I don't have a ProxyPassReverse directive since I haven't thought
about it; I wouldn't need it anyway since I don't do any redirecting
(at least not right now), but I'll probably end up adding it just in
case.

The following users were created on the system:

aw: I login as this user. Group = aw, httpd
aw_guest: mod_perl httpd runs as this user. Group = aw
httpd: lightweight httpd runs as this user. Group = httpd

aw owns all of the files except httpd/logs.

The "web" directory is world readable. It only contains images that
everyone can get from the web server anyway.

The "httpd" and "global" directories are group readable, so only aw
and aw_guest can read it. "perl" is world readable, but the files
inside are only group readable (this allows the httpd user to tell
what files exist, but nothing more). This protects my source code
(and the database passwords they contain!) from being browsed by
others.

So that I won't accidentally create world readable files, I have this
line in ~/.profile for "aw":

umask 027

This creates files as rw-r----- by default. Files I upload by FTP
still default to mode rw-r--r--, but I only upload image files that
way (I use vi through ssh to edit the code) so that's perfect.

There is a level of isolation here; in case I write an insecure script
that gets hacked, the hacker will only gain access to the aw_guest
account. The aw_guest account can read all my site's files, but it
can't write to any of them. Also, the MySQL username/password used by
the website has read-only access to the database.

Apache::ASP is set so that every page has headers indicating that it
can be cached for up to one hour:

  $Response->AddHeader('Last-Modified', time2str(time));
  $Response->{CacheControl} = 'public';
  $Response->{Expires} = 3600;

I could have set the expiry time higher, but I decided to put it at
3600 so that in case I change content on the website and forget to
manually clear the cache, it won't be out of date by more than 1
hour. In terms of performance issues, 1 hour should be long enough
such that the backend httpd server doesn't have to do too much work.

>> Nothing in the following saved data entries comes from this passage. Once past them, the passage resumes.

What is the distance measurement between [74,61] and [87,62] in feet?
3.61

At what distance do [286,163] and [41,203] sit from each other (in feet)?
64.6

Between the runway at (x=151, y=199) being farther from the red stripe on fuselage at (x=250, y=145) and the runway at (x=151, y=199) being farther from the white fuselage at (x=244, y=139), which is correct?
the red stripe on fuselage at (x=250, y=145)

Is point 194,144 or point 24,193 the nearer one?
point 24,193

In my frontend httpd server, I have a basic cache configuration:

ProxyRequests on
CacheRoot /home/httpd/cache
CacheSize 10000 # cache size of 10 MB
CacheGcInterval 1 # clean up the cache every hour
CacheMaxExpire 24 # nothing lives in the cache for > 24 hours
CacheDefaultExpire 1 # default expiry time is 1 hour

I can force the frontend httpd server to reload a specific page from
the backend by viewing it in my browser and clicking Reload (when
reloading, Opera and Netscape will send a cache-control header
specifying that fresh data is to be pulled); this is useful when I'm
tweaking a page and have to keep reloading it to see how it comes
out.

I also wrote a quick suid script (owned by httpd, mode -rwsr-xr-- so
that only users in group "httpd" can execute it) that does "rm -rf
/home/httpd/cache/*" to allow the "aw" user to clear the frontend
cache manually (which I might want to do if I change a bunch of
stuff).

[aw aw]$ cat /usr/local/bin/clear_cache.sh
#!/bin/bash

IFS=' '
PATH='/bin'
/bin/echo Clearing httpd cache...
/bin/rm -rf /home/httpd/cache/*
/bin/echo Cache cleared.

Since suid shell scripts are unsafe due to race conditions (and Linux
doesn't even allow them due to that reason), I needed to write a
wrapper C program:

#define SCRIPT "/usr/local/bin/clear_cache.sh"

main(ac, av)
     char **av;
{
  execv(SCRIPT, av);
}

That C program is the one that is set suid.

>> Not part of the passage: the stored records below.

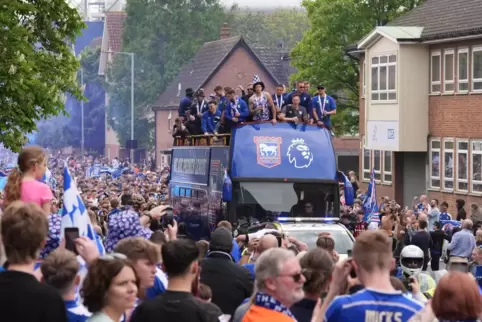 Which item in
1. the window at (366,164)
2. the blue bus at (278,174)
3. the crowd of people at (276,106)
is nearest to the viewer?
the blue bus at (278,174)

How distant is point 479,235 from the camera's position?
24.3m

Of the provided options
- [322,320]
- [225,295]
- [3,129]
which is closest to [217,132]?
[3,129]

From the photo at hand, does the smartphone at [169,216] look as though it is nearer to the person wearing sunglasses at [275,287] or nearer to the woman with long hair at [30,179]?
the woman with long hair at [30,179]

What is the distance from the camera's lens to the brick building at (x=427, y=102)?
150ft

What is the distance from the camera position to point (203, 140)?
30375mm

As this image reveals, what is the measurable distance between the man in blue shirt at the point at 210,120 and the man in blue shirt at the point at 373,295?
73.1 feet

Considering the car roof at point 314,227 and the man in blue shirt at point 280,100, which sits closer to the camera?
the car roof at point 314,227

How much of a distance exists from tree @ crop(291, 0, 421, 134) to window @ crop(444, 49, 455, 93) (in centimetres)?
1184

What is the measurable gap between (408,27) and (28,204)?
142 feet

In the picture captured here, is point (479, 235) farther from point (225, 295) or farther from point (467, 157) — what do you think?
point (467, 157)

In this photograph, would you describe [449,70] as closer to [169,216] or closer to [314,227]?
[314,227]

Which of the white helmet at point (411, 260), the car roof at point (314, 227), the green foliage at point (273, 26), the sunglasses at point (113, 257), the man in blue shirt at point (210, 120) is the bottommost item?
the car roof at point (314, 227)

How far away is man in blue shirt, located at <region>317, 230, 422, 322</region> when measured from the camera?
7.41 metres

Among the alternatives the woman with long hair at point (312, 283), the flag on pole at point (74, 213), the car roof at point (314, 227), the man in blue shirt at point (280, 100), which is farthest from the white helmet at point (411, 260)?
the man in blue shirt at point (280, 100) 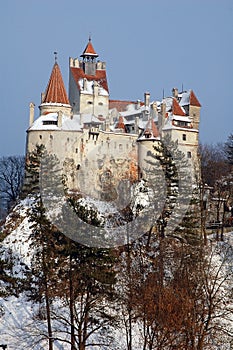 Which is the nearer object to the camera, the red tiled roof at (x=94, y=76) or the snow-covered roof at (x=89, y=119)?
the snow-covered roof at (x=89, y=119)

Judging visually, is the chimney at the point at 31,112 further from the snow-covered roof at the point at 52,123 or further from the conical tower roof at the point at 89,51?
the conical tower roof at the point at 89,51

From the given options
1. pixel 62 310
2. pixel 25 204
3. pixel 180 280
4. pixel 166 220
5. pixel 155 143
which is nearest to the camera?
pixel 180 280

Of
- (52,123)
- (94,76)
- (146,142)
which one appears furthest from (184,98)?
(52,123)

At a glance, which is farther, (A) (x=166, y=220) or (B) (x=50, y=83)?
(B) (x=50, y=83)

According to ab (ApacheBench) benchmarks: Without frontend caching,
the server can do about 20 requests per second. With frontend caching,
it goes as high as 400 (network bandwidth permitting).

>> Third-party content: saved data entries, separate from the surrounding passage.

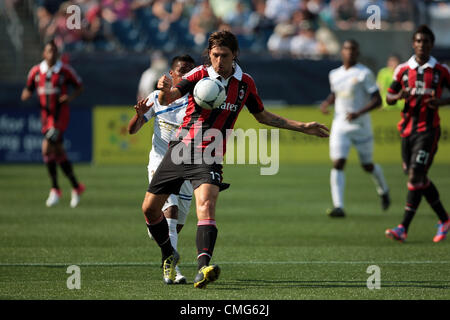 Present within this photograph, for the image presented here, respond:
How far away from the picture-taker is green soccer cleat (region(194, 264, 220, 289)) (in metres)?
6.67

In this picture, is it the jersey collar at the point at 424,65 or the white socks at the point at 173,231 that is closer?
the white socks at the point at 173,231

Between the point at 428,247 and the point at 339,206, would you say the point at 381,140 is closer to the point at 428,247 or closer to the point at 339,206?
the point at 339,206

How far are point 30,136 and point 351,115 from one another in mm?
10774

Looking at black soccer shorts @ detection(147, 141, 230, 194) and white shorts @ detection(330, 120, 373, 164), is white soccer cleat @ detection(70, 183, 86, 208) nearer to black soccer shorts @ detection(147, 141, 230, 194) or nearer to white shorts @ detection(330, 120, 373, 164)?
white shorts @ detection(330, 120, 373, 164)

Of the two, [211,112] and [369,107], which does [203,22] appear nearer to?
[369,107]

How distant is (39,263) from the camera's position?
28.6 feet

In summary, the strategies I have employed here are:

- principle of minimal permissions and isolation
- using mod_proxy to proxy to mod_perl httpd, with caching
- mod_gzip to speed download times

The performance aspect of this site is still uncertain, as it hasn't
gone live yet (I think there's another 1-2 weeks before it goes
live). I think it's kind of a challenge to get it all to work on a
RaQ4i with this much traffic, but the bandwidth is cheapest on this
webhost and they only offer RaQ4is. ab (ApacheBenchmark) tests suggest
that the RaQ will be able to handle the load, though. The guys on the
RaQ forums often say that the RaQs can't handle this sort of load, but
I don't think they have concrete evidence to go on.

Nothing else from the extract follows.